I dati economici dell’Eurozona sono al momento in miglioramento, il Continente è in crescita (anche se a ritmo più lento di altre aree geografiche), la fiducia delle Pmi ha toccato i massimi da sei anni, i listini azionari sono spinti dai buoni risultati delle aziende. Anche il termometro politico sembra spostarsi verso le forze più europeiste: in Francia e in Germania.
Ma sul futuro dell’Unione pesa il grande limite del progetto europeo, che vive in una perenne contraddizione tra diritto e politica. Da una parte si fonda su un complesso sistema di trattati, le famose regole che sono alla base delle relazioni comuni; dall’altra la sua struttura si basa ancora su un processo decisionale molto politico nel senso più antico del termine. Molte delle scelte chiave vengono ancora prese in incontri informali, tramite accordi e negoziati. I rapporti di forza si esprimono attraverso continue relazioni dialettiche pubbliche e anche private.
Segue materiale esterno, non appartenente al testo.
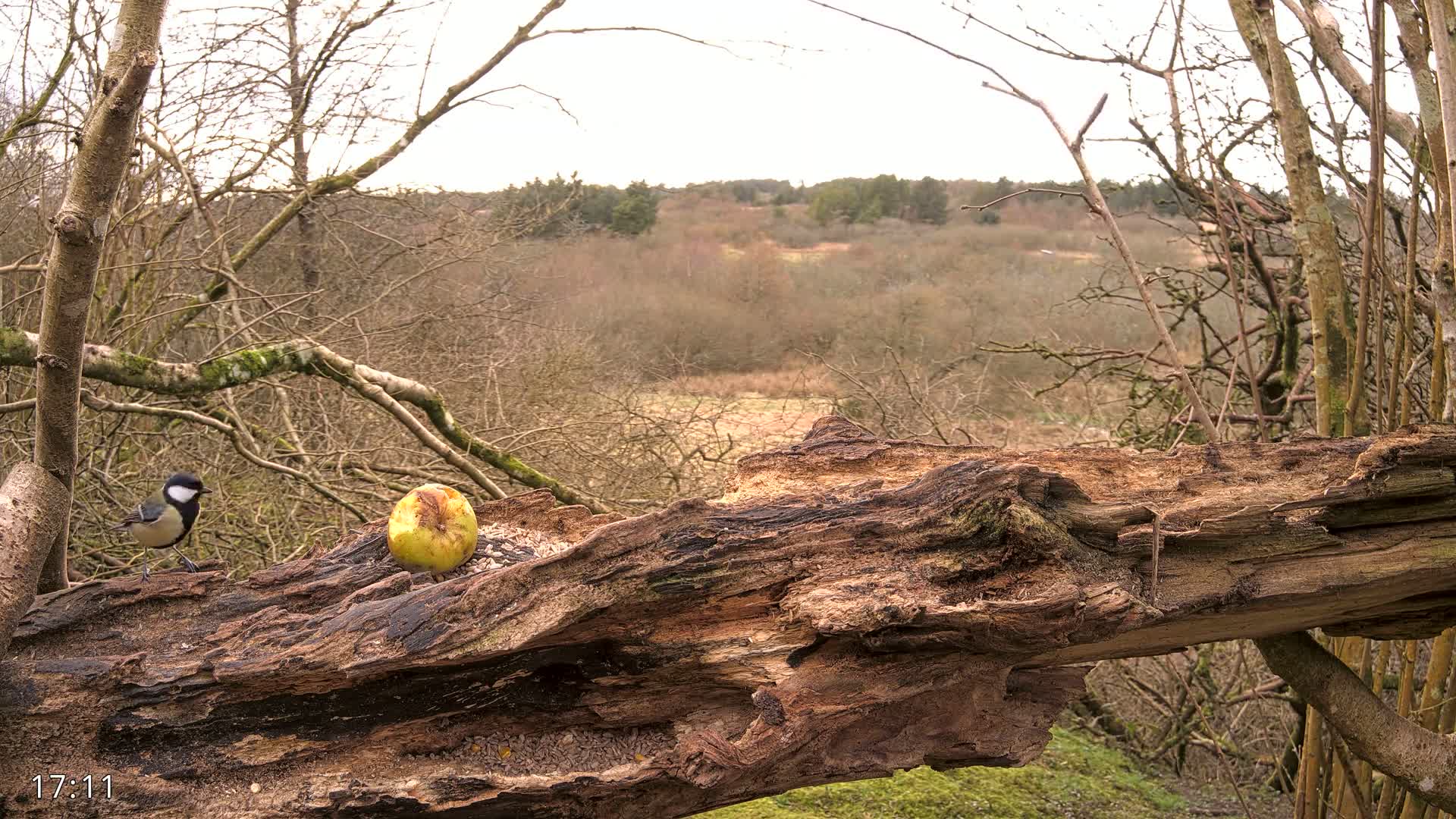 A small bird stands on a decaying log with a partially eaten apple and birdseed, overlooking a leafless, wintery woodland.
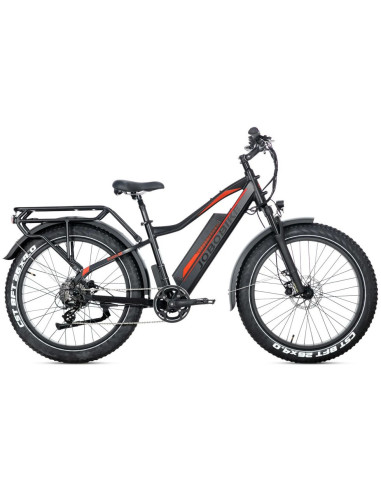 E-BIKE BICI ELETTRICA FAT BIKE MISURA 26 JOBOBIKE ROBIN PRO batteria al litio LG da 48V 20Ah MOTORE BAFANG 250W 80NM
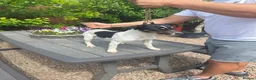 Jack Russell dogs for sale: Jack Russel puppies  - Advert 8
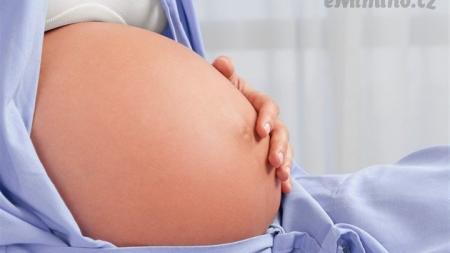 Kterak přišel Mikeš na svět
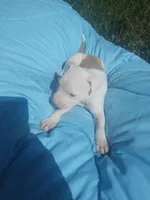Sire, a male American Pit Bull Terrier for sale in Fayetteville, GA – 5 of 7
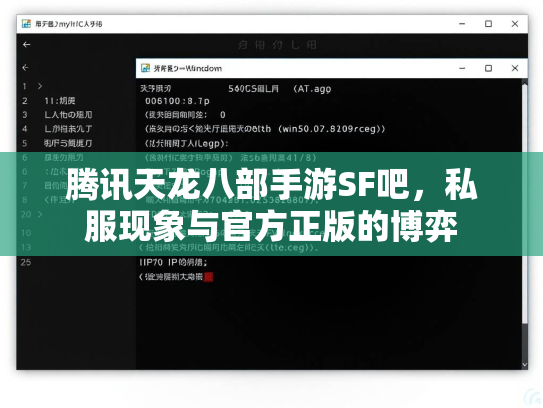 腾讯天龙八部手游SF吧，私服现象与官方正版的博弈  第2张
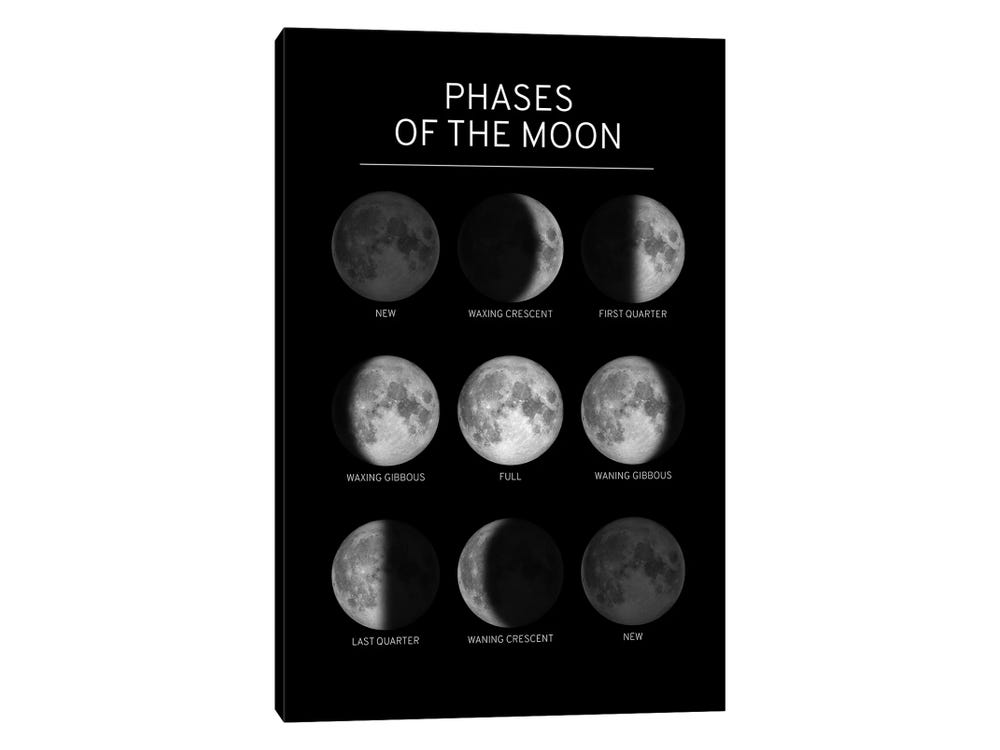 Phases of the Moon Chart - Black Art Print by GetYourNerdOn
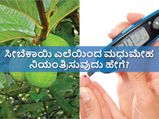 ಮನೆಮದ್ದು: ಮಧುಮೇಹ, ಕೊಲೆಸ್ಟ್ರಾಲ್‌ ನಿಯಂತ್ರಿಸಲು ಸೀಬೆಕಾಯಿ ಎಲೆಗಳನ್ನು ಹೇಗೆ ಬಳಸಬೇಕು?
Il 25 marzo 1957 le cronache raccontano che i leader europei furono accolti nella capitale da una bella giornata primaverile che poi fu bagnata da un nubifragio. Il sessantesimo anno di vita del progetto europeo sarà cruciale per il futuro dell’Unione. È difficile capire se la situazione politica sta lentamente uscendo dal periodo più critico, oppure se quella a cui assistiamo è la quiete prima della tempesta. Gli investitori però non disperino, in questa situazione di calma apparente, si può ancora navigare sulla liquidità della Bce: l’importante è evitare le concentrazioni di rischio, diversificare e navigare con prudenza.